Below is a description of Steven’s ongoing research projects. The first (I) is his Ph.D dissertation on recent changes and variations in South Korean national identity. The second (II) describes an individual and collaborative project with colleagues from the Sino-NK community on contemporary Korean ethnic and national identity. The third (III) regards his work with the Innovation Policy Lab at the University of Toronto on the digital economy and ICT innovation in Canada.
I. Becoming South Korean: What the Resocialization of North Korean Migrants in South Korea Tells Us About Contemporary South Korean National Identity
South Korea has long promoted a sense of ethnic and cultural homogeneity, but the macro economic and political changes and a substantial increase in the numbers of immigrants, both non-ethnic Koreans and ethnic Koreans from abroad, have altered the cultural and demographic makeup of the country and precipitated a new discourse on Korean nationhood and belonging. Research efforts aimed at investigating the consequences and implications of these changes have produced vital research contributions, but too little is known about what these newcomers think, and what their re-socialization experiences can tell us about contemporary national identity in South Korea.
Using newly collected survey data from 350+ North Korean migrants resettled in South Korea, this research examines the salience of ethnocultural components to ethnic Korean migrants’ national identity and their attitudes towards other migrants. Accordingly, this research asks: Do the national identities of Korean migrants change upon resettlement? How much does prior experience matter? Do migrants learn from their new environment, or do they resist change? This research considers the implications of the research findings for our understanding of contemporary South Korean national identity, especially the boundaries between various social groups in society, barriers to social integration, and the future of the broader national community in the Republic of Korea.
Forthcoming, Winter 2018.
II. Reproducing Contested Identities and Social Structures on the Korean Peninsula
Reproducing Contested Identities and Social Structures on the Korean Peninsula is an in-depth investigation into Korean nationalisms and mechanisms of national identity construction among resettled North Korean defectors (living in South Korea), South Koreans, and ethnic Koreans living in China. It incorporates survey- and interview-based research and facilitates the creation of a database of responses on the formation of national identity within the groups identified. The database will be used for collaborative and individual research outputs.
Selection of preliminary findings and early publications:
2014. “How Authoritarian Regimes Maintain Domain Consensus: North Korea’s Information Strategies in the Kim Jong-un Era,” with Adam Cathcart and Christopher Green, Review of Korean Studies, Vol. 17, No. 2: 145-178.
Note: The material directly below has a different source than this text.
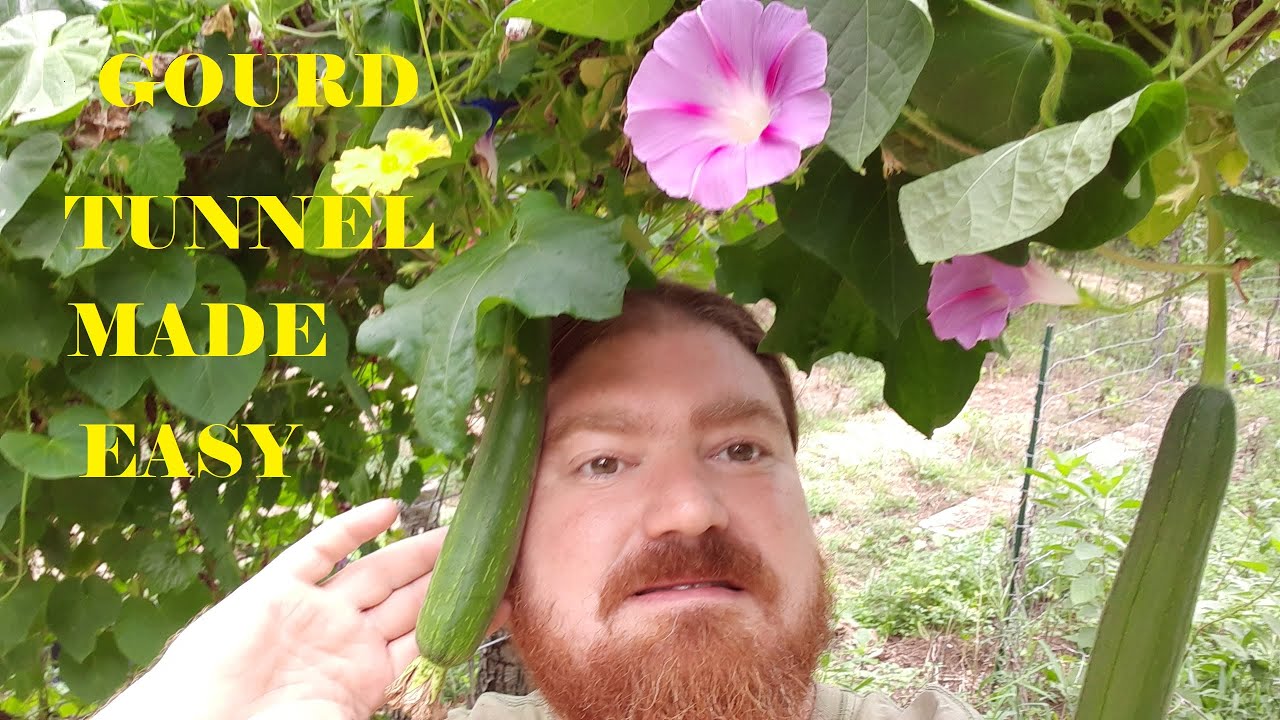 Gourd Tunnel Garden Project, EASY DYI YouTube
2014. “South Korea and a New Nationalism in an Era of Strength and Prosperity,” with Karl Friedhoff, Stanford Journal of East Asian Studies, Vol. 14, no. 1, pp. 121-129.
2016. “Kim Jong-un and the Practice of Songun Politics,” with Christopher Green and Adam Cathcart, Change and Continuity in North Korean Politics, Adam Cathcart et al. (eds.) (Routledge, 2016).
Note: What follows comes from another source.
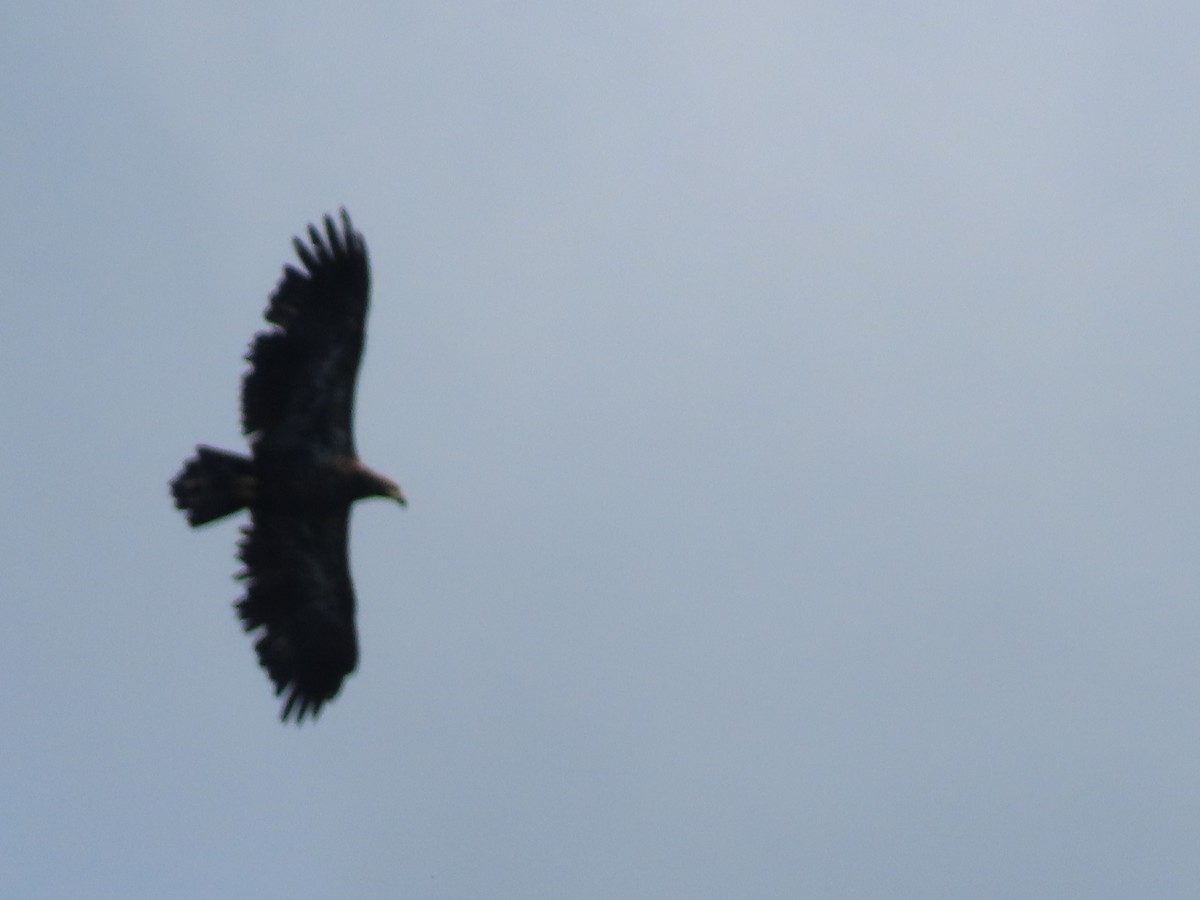 Bald Eagle - ML623234953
2016. “The Whisper in the Ear: Re-defector Press Conference as Information Management Tool,” in On Korea: Volume 8 (Korean Economic Institute, 2016).
SPECIAL REPORTS AND ESSAYS
2016. “From hero to zero: North Korea’s failure in Yanbian,” with Christopher Green, NK News Pro, June 14.
2015. “The Whisper in the Ear: Re-defector Press Conference as Information Management Tool,” with Christopher Green and Brian Gleason, Korean Economic Institute, March 12.
2013. South Korea and a New Nationalism in an Era of Strength and Prosperity,”with Karl Friedhoff, CSIS PacNet #75, October 7.
III. Creating Digital Opportunity
The Innovation Policy Lab, in association with lead partner, the Canadian International Council, have established a new research partnership to produce the knowledge required to move forward. The Research Partnership on the Digital Economy, including members from 16 universities and 12 partner organizations, are working together with the goal of situating Canada’s digital opportunity in a global context. This will encourage policymakers to strengthen Canada’s international competitiveness and contribute to a broader public debate throughout the country with regard to what kind of political economy the country wants to promote moving forward.
The current project that Steven is working on revolves around two primary research questions: What are Canada’s competitive strengths in global production networks and global innovation networks and what factors will ensure the future success of Canadian firms? And: What is the role of local conditions, including local educational and labour market institutions, in supporting the global competitiveness of digital firms in Canada? To date, more than 100 interviews with CEOs, CFOs, and CIOs have been conducted in the Greater Toronto Area. Data analysis and writing is currently in progress.
SELECTED RESEARCH FINDINGS:
2016. “Toronto’s ICT/Fintech Firms in Global Context,” presentation at CDO Partnership Meeting in Saskatoon, Saskatchewan, April 25-27.
2015. Current State of the Financial Technology Innovation Ecosystem in the Toronto Region, Innovation Policy Lab, University of Toronto.
2015. David Berman, “Toronto falling behind in fintech industry, report argues,” Globe and Mail, November 5.